It underperforms even in years where there were upsets.

## Dig into 2023 results

In [27]:
loader = dataset.tourney_data(2023)

x, y = loader.dataset.tensors

preds = result_model(x.to(device))

In [28]:
t_2023 = pd.DataFrame({'winner_name': [dataset.all_teams.loc[dataset.programs.loc[i].TeamID].TeamName for i in x[:,0].tolist()],
                       'loser_name': [dataset.all_teams.loc[dataset.programs.loc[i].TeamID].TeamName for i in x[:,2].tolist()],
                       'winner': [dataset.programs.loc[i].TeamID for i in x[:,0].tolist()],
                       'loser': [dataset.programs.loc[i].TeamID for i in x[:,2].tolist()],
                       'actual': y.reshape(-1),
                       'predicted': preds.cpu().detach().numpy().reshape(-1)}).iloc[:67]

In [29]:
t_2023[t_2023.predicted < 0.5].sort_values('predicted')

Unnamed: 0,winner_name,loser_name,winner,loser,actual,predicted
23,F Dickinson,Purdue,1192,1345,1.0,0.014612
15,Princeton,Arizona,1343,1112,1.0,0.100831
8,Furman,Virginia,1202,1438,1.0,0.191977
53,FL Atlantic,Tennessee,1194,1397,1.0,0.268666
39,Princeton,Missouri,1343,1281,1.0,0.282443
58,San Diego St,Alabama,1361,1104,1.0,0.2922
57,Miami FL,Houston,1274,1222,1.0,0.318686
50,Michigan St,Marquette,1277,1266,1.0,0.366621
14,Penn St,Texas A&M,1336,1401,1.0,0.37588
37,Arkansas,Kansas,1116,1242,1.0,0.392336


The biggest thing in this season were the huge upsets in the first round.
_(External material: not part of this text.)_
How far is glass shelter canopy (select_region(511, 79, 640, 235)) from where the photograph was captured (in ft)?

Purdue was a number one seed and lost which I only gave a 1% chance to happen. Arizona and Virginia were number 2 seeds and lost which I gave 13% and 17% chances of happening respectively.

In [30]:
t_2023['Upset'] = [dataset.upset(2023, winner, loser) for (winner, loser) in zip(t_2023['winner'], t_2023['loser'])]

In [31]:
t_2023[t_2023.Upset].predicted.mean()

np.float64(0.36752991425369863)

On average the upsets had a 37% chance of happening

In [32]:
t_2023[t_2023.Upset & (t_2023.predicted >= 0.5)].sort_values('predicted', ascending=False)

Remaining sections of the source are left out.